Still, CDC data showed the most common symptoms so far are cough, fatigue, congestion and a runny nose.
In New York, where cases continue to surge, an ER doctor who became known on social media during the pandemic for his documentation of the battle against COVID, reported breakthrough cases he has seen in those with booster shots experienced “mild” symptoms.
“By mild I mean mostly sore throat. Lots of sore throat,” Craig Spencer wrote on Twitter. “Also some fatigue, maybe some muscle pain. No difficulty breathing. No shortness of breath. All a little uncomfortable, but fine.”
Cases in people who were fully vaccinated with either Pfizer or Moderna’s vaccine, but not boosted, remained mild, but slightly more intense.
“More fatigued. More fever. More coughing. A little more miserable overall. But no shortness of breath. No difficulty breathing,” he wrote.
For those with Johnson & Johnson who were not boosted, he wrote the patients “felt horrible,” with fevers, fatigue, coughs and shortness of breath, but did not require hospitalization or oxygen.
In the unvaccinated, however, the symptoms were more severe.
“Almost every single patient that I’ve taken care of that needed to be admitted for Covid has been unvaccinated,” Spencer wrote. “Every one with profound shortness of breath. Every one whose oxygen dropped when they walked. Every one needing oxygen to breath regularly.”
Dr.
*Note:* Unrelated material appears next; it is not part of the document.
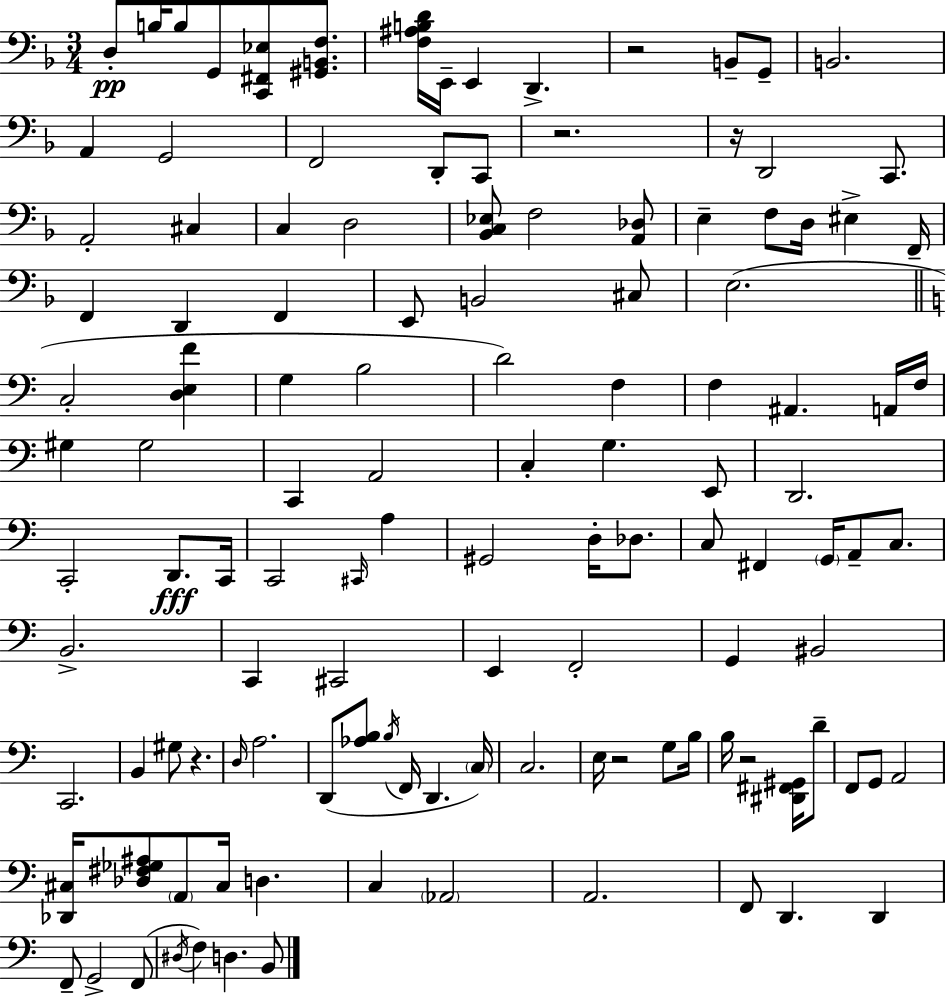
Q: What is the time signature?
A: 3/4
Angelique Coetzee, the South African doctor who first raised the alarm over the new strain, told the BBC that she started to see patients around Nov.18 presenting with “unusual symptoms” that differed slightly to those associated with the delta variant.
“It actually started with a male patient who’s around the age of 33 … and he said to me that he’s just [been] extremely tired for the past few days and he’s got these body aches and pains with a bit of a headache,” she told the BBC.
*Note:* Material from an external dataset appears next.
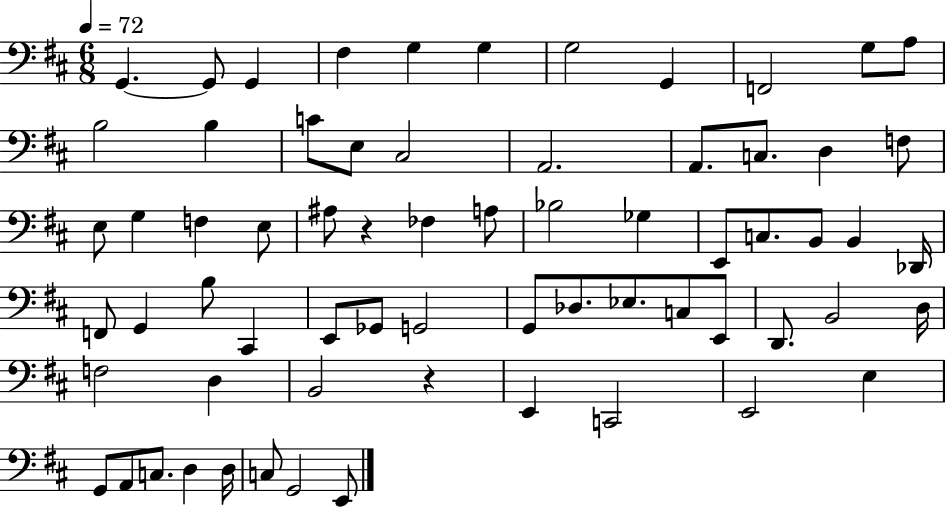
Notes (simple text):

G2/q. G2/e G2/q F#3/q G3/q G3/q G3/h G2/q F2/h G3/e A3/e B3/h B3/q C4/e E3/e C#3/h A2/h. A2/e. C3/e. D3/q F3/e E3/e G3/q F3/q E3/e A#3/e R/q FES3/q A3/e Bb3/h Gb3/q E2/e C3/e. B2/e B2/q Db2/s F2/e G2/q B3/e C#2/q E2/e Gb2/e G2/h G2/e Db3/e. Eb3/e. C3/e E2/e D2/e. B2/h D3/s F3/h D3/q B2/h R/q E2/q C2/h E2/h E3/q G2/e A2/e C3/e. D3/q D3/s C3/e G2/h E2/e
The patient didn’t have a sore throat, she said, but more of a “scratchy throat” but no cough or loss of taste or smell — symptoms that have been associated with previous strains of the coronavirus.
Coetzee said she tested the male patient for COVID, and he was positive, as was his family, and then said she saw more patients that day presenting with the same kinds of symptoms that differed from the delta variant.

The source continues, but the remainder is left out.